Demikian juga bagi praktikal Vinya, menyadari bahwa aturan2 tsb ditujukan sebagai suatu bentuk latihan yg bermanfaat bagi batin. Jika dibedah kalimat perkalimat, tentu bisa saja dicari celahnya dan akan memperoleh suatu pembenaran, namun apakah itu tujuannya masuk jalur Ke-bhikkhuan?

Terakhir, untuk meng-ekspresikan keindahan Dhamma, sah2 saja melalui lagu, tarian atau puisi. Namun, sebutan untuk orang ini adalah: Seniman (menikmati / mengekspresikan keindahan).

Sepengetahuan saya, dijalur kebhikkhuan tidak diajarkan (dan tidak dianjurkan) untuk 'mengekspresikan keindahan'.

::



Walaupun seseorang dapat menaklukkan beribu-ribu musuh dalam beribu kali pertempuran, namun sesungguhnya penakluk terbesar adalah orang yang dapat menaklukkan dirinya sendiri (Dhammapada 103)

ryu

Janganlah memperhatikan kesalahan dan hal-hal yang telah atau belum dikerjakan oleh diri sendiri.
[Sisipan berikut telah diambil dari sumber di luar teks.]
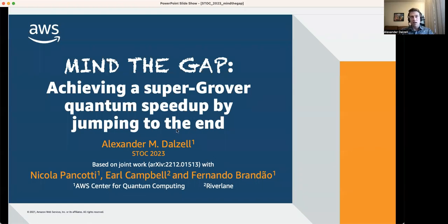My name is Alex Delzell, and I am going to be speaking about this paper titled "Mind the Gap: Achieving a Super-Grover Quantum Speedup by Jumping to the End," as part of STOC 2023. This is based on joint work with collaborators Nico Pancotti, Earl Campbell, and Fernando Brandao, where Nico, Fernando, and I are at the AWS Center for Quantum Computing, and Earl is at River Lane.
Tetapi, perhatikanlah apa yang telah dikerjakan dan apa yang belum dikerjakan oleh orang lain =))

henrychan

Quote from: Kainyn_Kutho on 05 October 2010, 04:21:57 PM
Ya, terserahlah. Di sini fokus kita bukan bahasa. Yang jelas bahasa asli Tipitaka memang Bahasa Pali, bukan Bahasa Indonesia. 
QuoteSetuju. Tapi perlu ditegaskan bahwa Buddha mengajarkan Dharma nya tidak hanya dengan bahasa Pali, dan sangat besar kemungkinan malah dalam bahasa Sansekerta.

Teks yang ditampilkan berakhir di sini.